La secessione dello Zanzibar

La Tanzania è nata dall’unione, di tipo federale, di due entità un tempo indipendenti, l’arcipelago di Zanzibar e il Tanganica. La fusione, che si rispecchia anche nel nome Tanzania, è imperfetta come tutti i processi similari ed è stata resa più difficile dalle diversità religiose: in maggioranza cristiano il Tanganica, prevalentemente musulmano l’arcipelago di Zanzibar. Le tensioni e le tentazioni separatiste non sono mancate ma si sono molto accentuate negli ultimi anni anche attraverso la presenza di gruppi legati al fondamentalismo islamico.

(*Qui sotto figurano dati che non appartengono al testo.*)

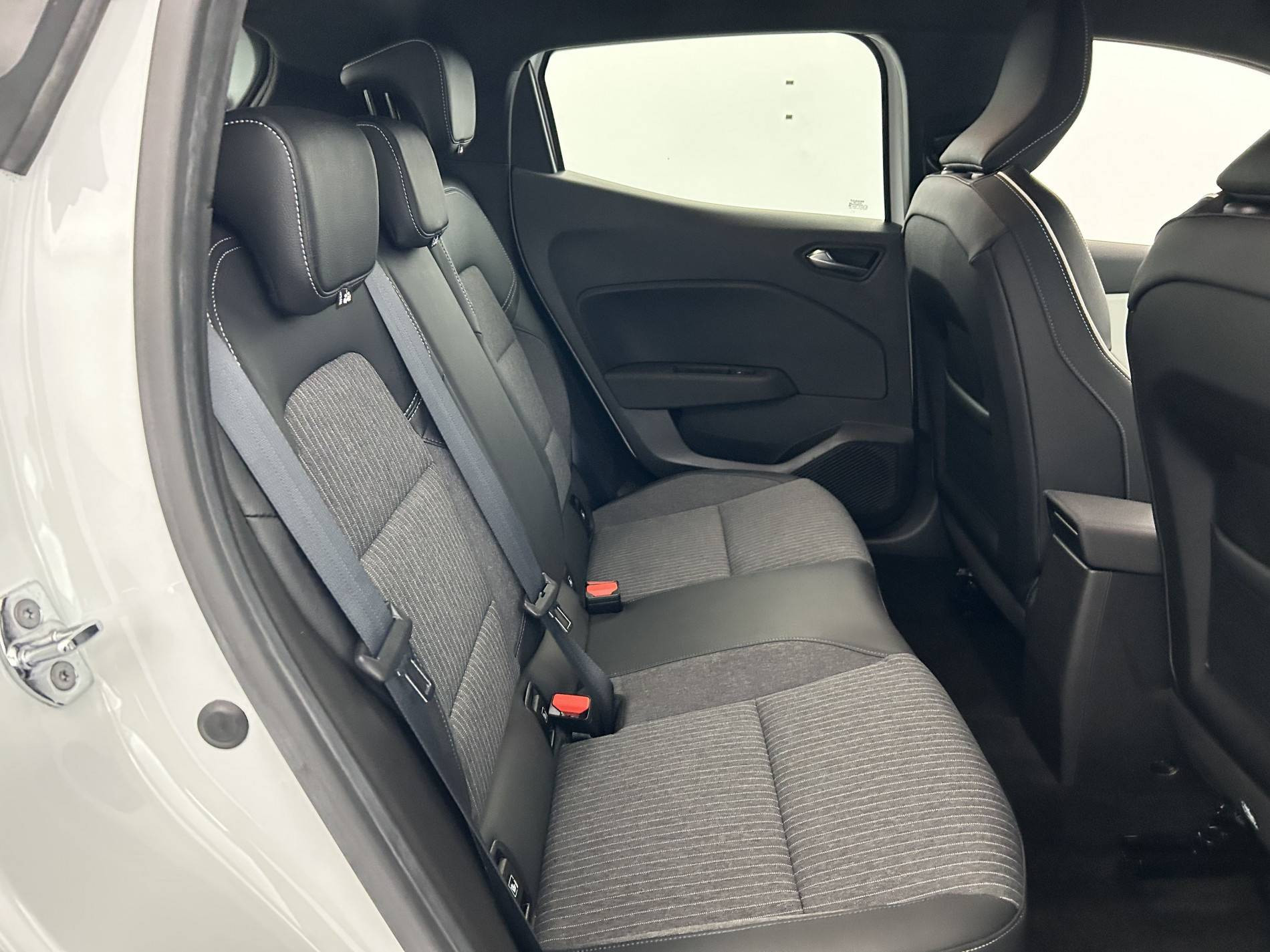 Vente en ligne Renault Clio 5 Clio TCe 90 - 21N au prix de 15 990 €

L’UAMSHO (Associazione per la mobilitazione e la propaganda islamica) è un’alleanza che riunisce i maggiori movimenti islamici e sta raccogliendo sempre maggiori consensi soffiando sul fuoco dell’istanza separatista. La minoranza cristiana accusa il movimento di promuovere una vera e propria pulizia etnica e religiosa, spingendo, con violenze e pressioni, i cristiani, molti dei quali sono originari del Tanganica, a ritornare sulla terraferma provocando così la completa islamizzazione dell’area. In effetti nel 2012 sono state bruciate circa quaranta chiese, in attentati a sfondo politico-religioso. Ma il fondamentalismo trae alimento anche dai profondi disagi sociali della popolazione e dalla sfiducia nei partiti politici tradizionali, accusati di corruzione e di spartizione consociativa del potere. Nell’ottobre del 2012 la situazione è precipitata a causa della scomparsa di uno dei leader principali del movimento islamico, lo sceicco Farik Hadi: esponenti dell’UAMSHO hanno esternato sospetti verso le forze di polizia che, nella più benevola delle ipotesi, sono state accusate di inerzia nelle indagini per accertare la verità e ritrovare Hadi. In questo scenario si sono scatenati violenti disordini, soprattutto nel centro storico di Zanzibar e nelle zone di Stone Town, con saccheggi, blocchi stradali e violenti scontri. Una tregua è stata stabilita sulla base dell’impegno delle forze di polizia di concentrarsi nella ricerca del leader scomparso: in ogni caso, sembra che il futuro di Zanzibar, meta turistica molto frequentata, soprattutto dagli italiani, sia molto incerto, legato a questo grande processo di islamizzazione non sempre pacifica dell’Africa orientale.